TASK DESCRIPTION => Write the data out again, character for character, with no images.
^^^^^^^^^^^^^^^^
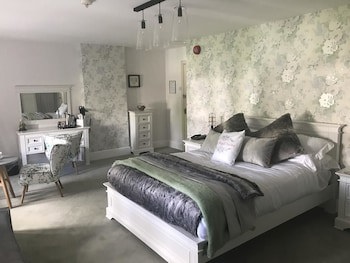 The Great House Hotel & Restaurant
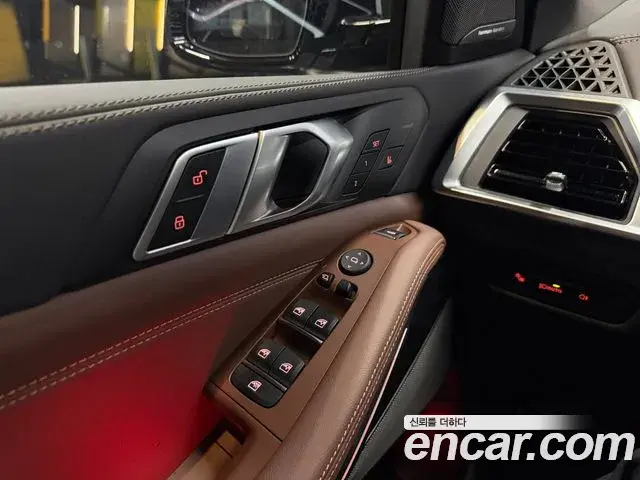 BMW X5 2025 — Photo 9/13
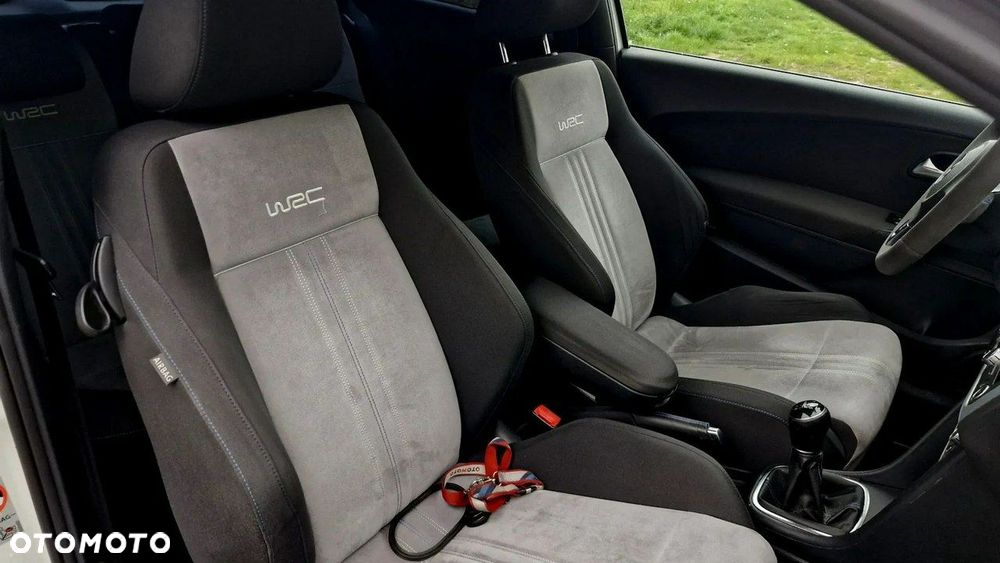 Volkswagen Polo - 13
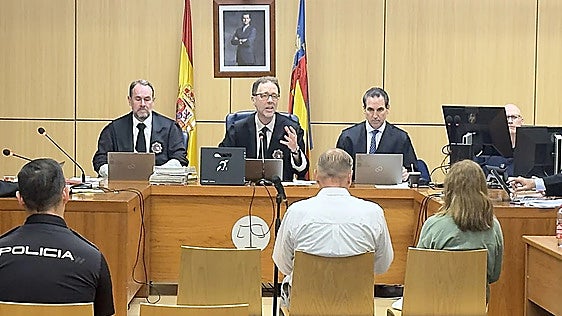 Valencia court tries Nazi paedophile for sexual assault on two underage boys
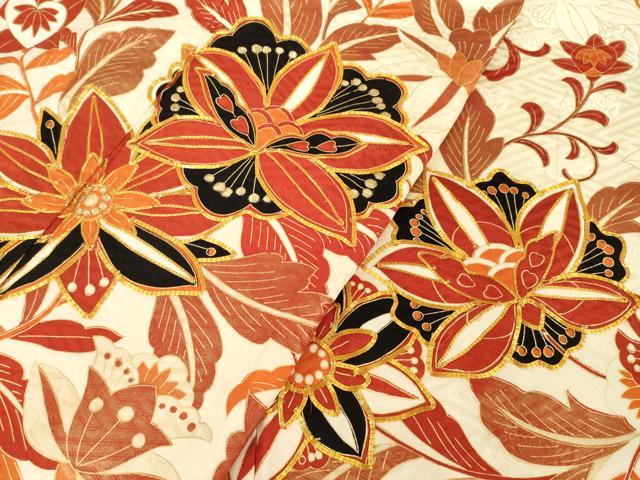 平和屋着物●豪華振袖　駒刺繍　花唐草文　金彩　正絹　逸品　AABI2432ck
^^^^^^^^^^^^^^^^
WRITTEN ANSWER =>
 The Great House Hotel & Restaurant
 BMW X5 2025 — Photo 9/13
 Volkswagen Polo - 13
 Valencia court tries Nazi paedophile for sexual assault on two underage boys
 平和屋着物●豪華振袖　駒刺繍　花唐草文　金彩　正絹　逸品　AABI2432ck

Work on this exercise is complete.